After an hour or so of explaining why that was a bad idea, hubby finally wrote the man a very explicit message explaining what he would encounter when we were together. He told him we would be having a three-some and that it would be a night the man would never forget, as I was one talented and sensual woman.
The man eagerly accepted the challenge, and then my husband withdrew the offer, pulling the rug out from under the young guy. I was mortified. This led to months of texts between him and me, with me almost deciding to leave my marriage behind at one point. Then, in the Summer, my husband had a near-fatal heart attack, and I had to get my priorities in order, leaving my infatuation in the dust.
Or, so I thought. Try as I might, weeks could go by without checking on my 'almost lover'. I would declare victory to my therapist, who never really understood my strange infatuation with this man anyway. Then, as soon as I heard a song that reminded me of him, I would begin pining for him again. My poor therapist was so distraught at my obsession that I was worried she might have a nervous breakdown over it. I finally stopped telling her about him. What she didn't know wouldn't hurt her.
Not that Jake was sweet to me. He was an angry, sullen individual who rarely said anything kind to me. He insulted me, called me a slut wife, and told me that I liked holding my marriage over his head. He constantly told me I did not try hard enough to meet him when he always backed away. It was like a game of cat and mouse, and I didn't know if I was the cat or the mouse. Yet, still, I persisted.
I can't recall a man I argued with more viciously than Jake, my texting lover. I never called my husband names or tore him up one side and down the other. The safety of hiding behind my phone screen or knowing I would never meet Jake in person made me bold. Once, I commented that if we ever met in person, a fistfight would break out after the first five minutes. He replied that, more likely, full-on animalistic screwing would break out.
Here I was, feet frozen to the frosty blacktop of this old motel parking lot, wondering if we were going to have a fistfight or a night of sexual pleasure so intense that I would never want to go back home. It was too late to rescind my Christmas gift offer of an evening of lovemaking to Jake. How many hours had I thought about him? How many times had I woken up, ashamed, from dreams of making love to him? How many imaginary conversations had I contrived, telling him how much I needed and loved him from our first real conversation?
A lone set of headlights turned into the parking lot, zeroing in on me as they slowly approached.
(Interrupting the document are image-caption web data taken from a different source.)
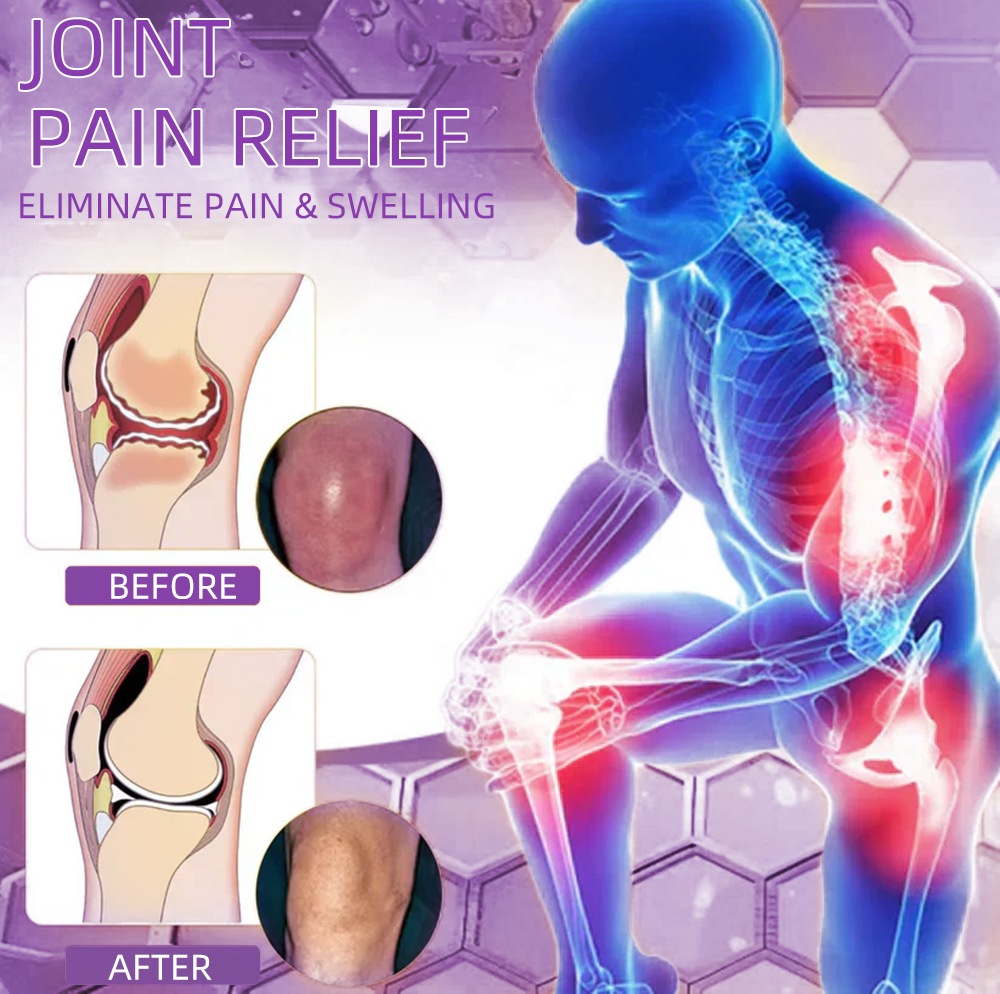 Official Store: TLOPA® Shark Cartilage Pain-Soothing Bone Recovery Gel👨‍⚕️Approved by MHRA (5-minute pain relief, 7 days to restore joint mobility, 4 weeks for complete healing) 🔥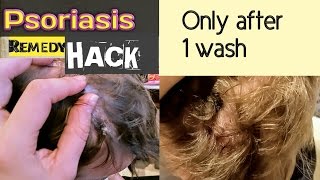 PSORIASIS: THE HOME REMEDY (Get Rid of the Bumpy Patches) #47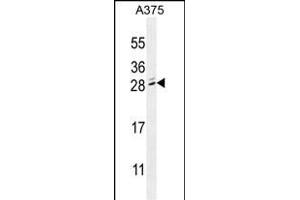 MBD3L2 antibody  (C-Term)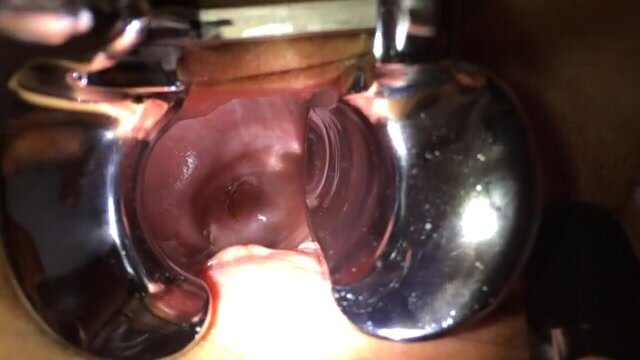 Cervix view with orgasm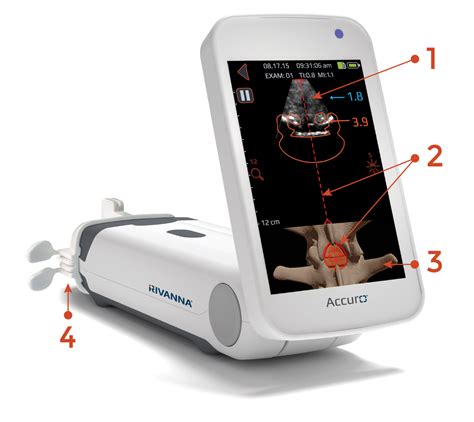 Automatic Epidural Location And Depth Rivanna Medical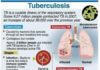 Infographic : Infographic on Tuberculosis – Test Kit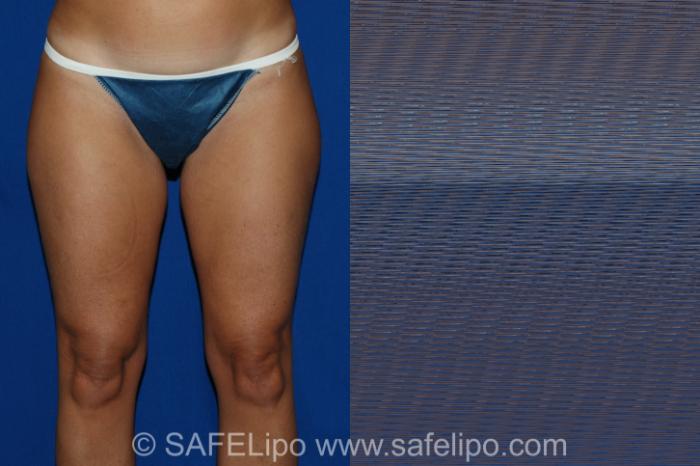 Abdominoplasty Front Thighs Photo, Shreveport, LA, The Wall Center for Plastic Surgery, Case 326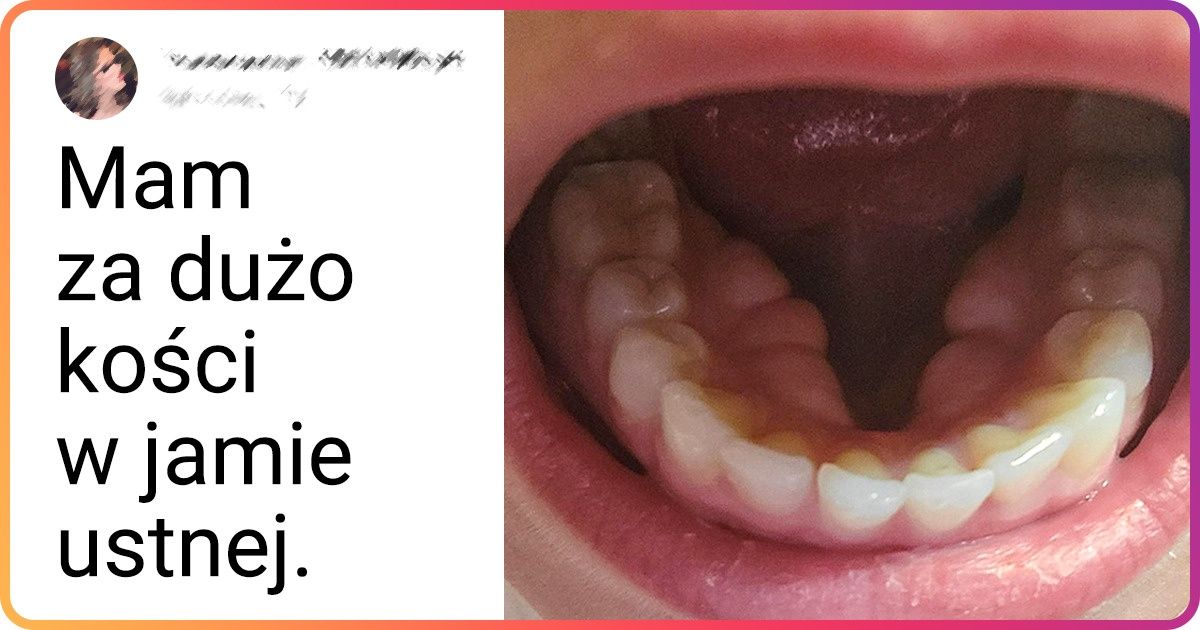 18 zagadkowych zdjęć, które pokazują ukrytą stronę zwykłych rzeczy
A deer in the headlights. A guilty woman in heels, stockings, and a short skirt with seductive, lacy underthings hiding beneath. I feared my age would now matter because we would be close together for the night. Afraid I wouldn't be good enough for him. Scared of being a disappointment, I slipped back into the driver's seat of my car, pushed the button, and slowly backed out of the lot just as he exited from his car, shrugging his shoulders at me, just like his favorite emoji when I spoke of my feelings for him. Good. I hope you feel confused, just like you made me feel for the last year.
On the way home, I stopped at an open store and picked up my husband's favorite fruitcake, with chocolate milk for him, and a big bottle of wine for myself. Then I drove home, sighing in relief, after blocking Jake's number.
Not tonight, Satan. Not tonight.
Tomorrow? Maybe. Shh. Don't tell my therapist.